*Your assignment:* From the line containing "Tourists walk along" through the last line of the entries, set down every line exactly and add nothing.

*Records shown:*
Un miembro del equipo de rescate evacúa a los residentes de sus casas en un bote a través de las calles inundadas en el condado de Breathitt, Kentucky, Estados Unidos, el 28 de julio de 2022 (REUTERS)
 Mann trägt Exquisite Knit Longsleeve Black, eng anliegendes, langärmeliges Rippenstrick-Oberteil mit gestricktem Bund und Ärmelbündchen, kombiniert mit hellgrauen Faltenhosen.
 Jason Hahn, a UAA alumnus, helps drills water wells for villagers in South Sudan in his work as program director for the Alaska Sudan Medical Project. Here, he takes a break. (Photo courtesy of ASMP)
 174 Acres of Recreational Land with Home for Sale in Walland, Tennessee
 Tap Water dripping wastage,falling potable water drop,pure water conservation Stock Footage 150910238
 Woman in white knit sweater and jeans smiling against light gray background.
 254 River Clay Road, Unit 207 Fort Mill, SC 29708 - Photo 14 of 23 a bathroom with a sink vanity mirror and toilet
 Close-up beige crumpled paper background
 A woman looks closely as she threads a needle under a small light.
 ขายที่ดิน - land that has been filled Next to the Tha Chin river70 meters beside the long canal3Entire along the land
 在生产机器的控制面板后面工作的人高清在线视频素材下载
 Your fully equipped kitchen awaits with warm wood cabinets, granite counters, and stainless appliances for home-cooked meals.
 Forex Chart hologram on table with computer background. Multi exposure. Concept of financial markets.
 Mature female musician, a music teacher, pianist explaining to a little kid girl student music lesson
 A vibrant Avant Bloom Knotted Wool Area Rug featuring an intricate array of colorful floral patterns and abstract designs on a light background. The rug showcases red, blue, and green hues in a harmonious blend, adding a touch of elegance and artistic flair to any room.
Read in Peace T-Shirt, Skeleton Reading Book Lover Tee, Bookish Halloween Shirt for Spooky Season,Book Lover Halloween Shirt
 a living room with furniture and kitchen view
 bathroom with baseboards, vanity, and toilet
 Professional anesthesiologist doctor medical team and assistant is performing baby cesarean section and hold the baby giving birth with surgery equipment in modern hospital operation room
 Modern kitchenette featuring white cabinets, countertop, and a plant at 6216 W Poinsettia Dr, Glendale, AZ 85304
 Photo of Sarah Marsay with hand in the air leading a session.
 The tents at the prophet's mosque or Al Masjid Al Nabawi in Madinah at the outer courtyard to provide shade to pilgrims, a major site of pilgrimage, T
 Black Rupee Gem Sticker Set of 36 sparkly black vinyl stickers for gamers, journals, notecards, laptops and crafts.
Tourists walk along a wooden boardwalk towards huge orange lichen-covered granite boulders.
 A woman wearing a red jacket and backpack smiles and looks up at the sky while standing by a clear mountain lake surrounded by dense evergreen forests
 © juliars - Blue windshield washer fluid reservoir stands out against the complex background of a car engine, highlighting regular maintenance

*Result for this exercise:*
Tourists walk along a wooden boardwalk towards huge orange lichen-covered granite boulders.
 A woman wearing a red jacket and backpack smiles and looks up at the sky while standing by a clear mountain lake surrounded by dense evergreen forests
 © juliars - Blue windshield washer fluid reservoir stands out against the complex background of a car engine, highlighting regular maintenance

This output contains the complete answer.